The complexities of producing CbC reports in the OECD XML schema is not one to be taken lightly. This, coupled with the other complexities of BEPS compliance, should further discourage MNEs from self-preparation of CbC reports. ONESOURCE can help.

This is Part 3 of a series on CbC Reports and what you need to know. See Part 1 and Part 2.

There now appears to be a need to capture several additional data elements to populate some mandatory and optional fields to generate the CbC reports in the OECD XML schema. These fields are in addition to the data fields that werespecified in the OECD templates (i.e. table 1, 2 and 3). These fields include entity identification numbers (TIN, EIN and others) and jurisdiction that issued the identification number, entity address (a short form and long form), and interestingly, the legal form of the entity as recognized in the domestic jurisdiction. Clearly the entity type was not a required field in any of the OECD tables 1 through 3 and disclosing this will require some additional due diligence. For example there is a requirement that when it comes to stated capital and accumulated earnings of a branch and permanent establishment (PE), the amounts should be reported in the jurisdiction of the parent and not the jurisdiction of the branch or PE (with some exceptions for stated capital of a branch or PE). The rules for partnerships and other flow through entities are more complex. The U.S. proposed rules for example require all CbC table 1 items for flow through entities to be reported in the jurisdiction of the partners, whereas other jurisdictions’ CbC requirements may include that a partnership’s CbC items be re-classed to a stateless jurisdiction. So an MNE filing directly in two jurisdictions may end up preparing CbC reports using two different calculation assumptions; one where partnership items are shown in the jurisdiction of the partners and another where partnership items are shown in a separate stateless jurisdiction. In a complex MNE organization structure with several branches, several partnerships at various tiers, and multiple partners in multiple jurisdictions, performing these calculations under alternative assumptions is no easy matter.

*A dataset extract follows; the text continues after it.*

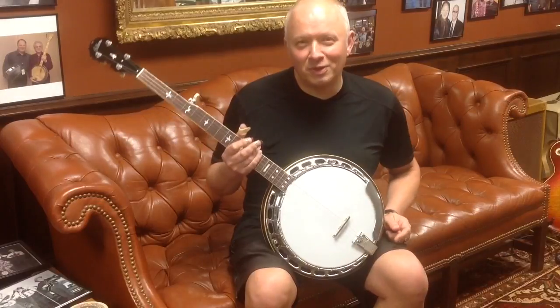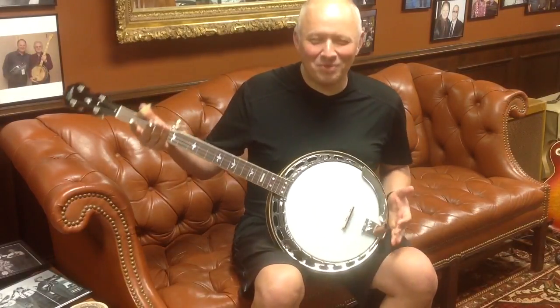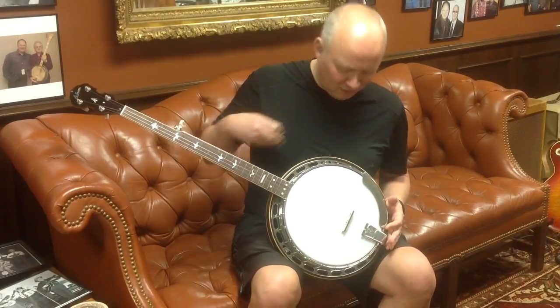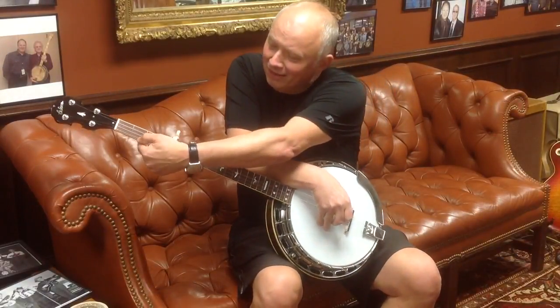I'll be honest with you, I sat here and fooled with it for a few minutes and I cannot do anything with it this way. So the only way I can get anything out of the banjo, I'll do my best. It may look unorthodox and crazy, but we'll see what we can get out of this thing. I've got my right hand here, my left hand here.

Tracking and Updating Schema Changes with Each Filing Year
Also worth noting is that schema is never static and there could be changes for the CbC filing from year-to-year. These changes need to be tracked to ensure that when you go to file each new year’s CbC report, you are in compliant with that years XML schema and other reporting formats. Think of how this then is compounded if you have multiple jurisdictional filings.

Summary

    • Preparing CbC Reports in the XML Schema proposed by the OECD is complex and requires a fair amount of computer programming
    • It is very likely that jurisdictions will adopt the same schema for MNEs to submit their CbC reports but there will be variations to capture country specific requirements
    • It is most likely that MNEs will end up having to file CbC reports directly to more than one jurisdiction which will also mean maintaining multiple XML reporting formats
    • It is very likely that jurisdictions will modify their CbC XML Schemas year over year
    • There is also a notification requirement and this must be satisfied by filing directly with each jurisdiction unlike the CbC report where multiple jurisdictions can receive the CbC report via automatic exchange
    • In addition both the CbC report and the notification will have to be e filed meaning some form of machine to machine communication with the filing tax jurisdictions
    • The OECD XML schema is asking for additional information compared to what is in the current OECD table 1, 2 and 3 templates including legal entity type which could be an additional data point that can be used by tax authorities to determine if roll up and reclass logic is correctly applied
    • The OECD XML schema should also be seen as an opportunity to add explanatory narratives like the use of NOLs and other incentives to explain a low taxes paid and taxes accrued as well as to notify the tax authority as to which jurisdictions should be entitled to receive the CbC report via automatic exchange and which jurisdictions should not since the rules that determine this is complex and constantly evolving as countries continuously implement CbC rules often with retroactive effective dates.